_Input data_
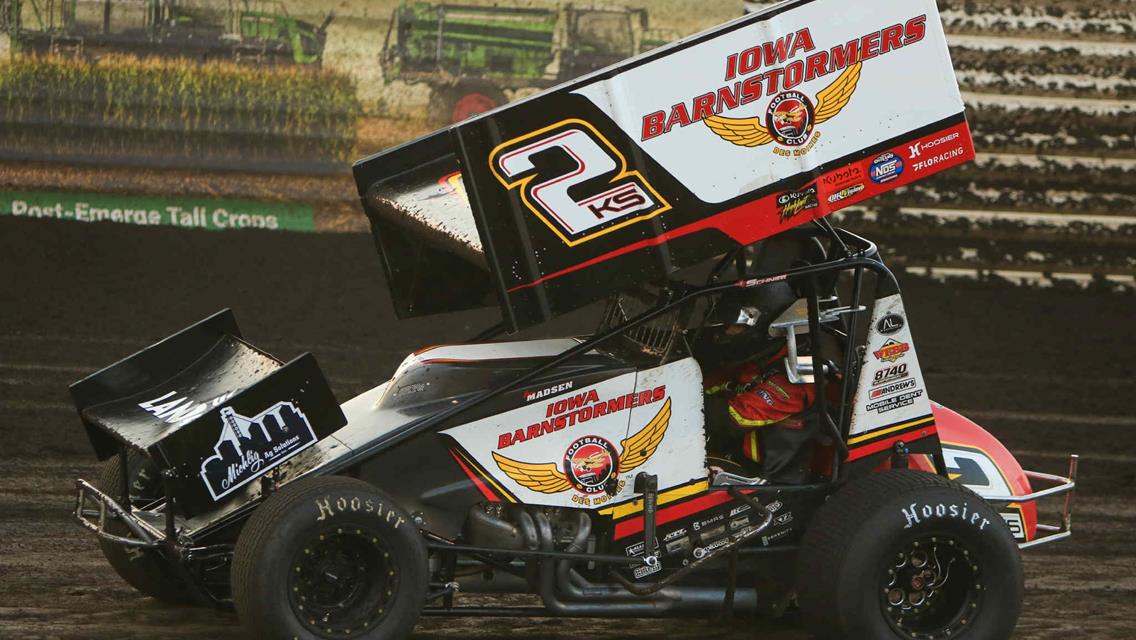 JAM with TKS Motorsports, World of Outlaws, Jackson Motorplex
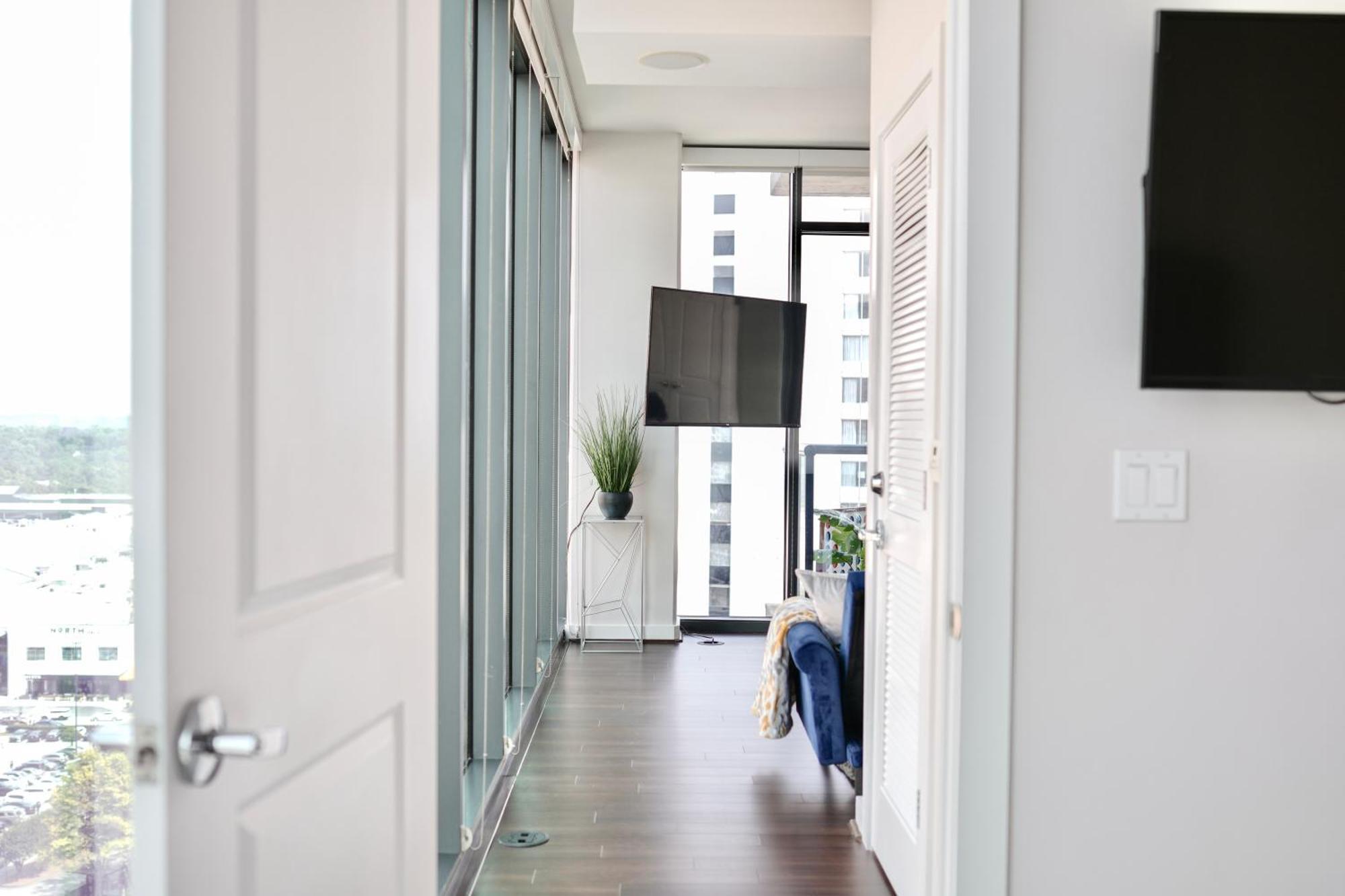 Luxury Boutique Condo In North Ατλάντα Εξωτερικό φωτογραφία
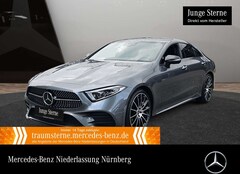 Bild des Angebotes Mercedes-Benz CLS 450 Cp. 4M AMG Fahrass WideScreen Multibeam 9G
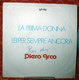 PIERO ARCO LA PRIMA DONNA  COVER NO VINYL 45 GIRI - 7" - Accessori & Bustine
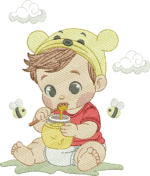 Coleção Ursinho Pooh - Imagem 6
==
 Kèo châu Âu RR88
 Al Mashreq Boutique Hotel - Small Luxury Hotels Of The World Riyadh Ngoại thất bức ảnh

_What to work on_
Once the line with "Luxury Boutique Condo" has been found above, output that line and every later line exactly, stopping after the line with "Coleção Ursinho Pooh - Imagem 6", and omit the pictures.

_Output of the exercise_
 Luxury Boutique Condo In North Ατλάντα Εξωτερικό φωτογραφία
 Bild des Angebotes Mercedes-Benz CLS 450 Cp. 4M AMG Fahrass WideScreen Multibeam 9G
 PIERO ARCO LA PRIMA DONNA  COVER NO VINYL 45 GIRI - 7" - Accessori & Bustine
 Coleção Ursinho Pooh - Imagem 6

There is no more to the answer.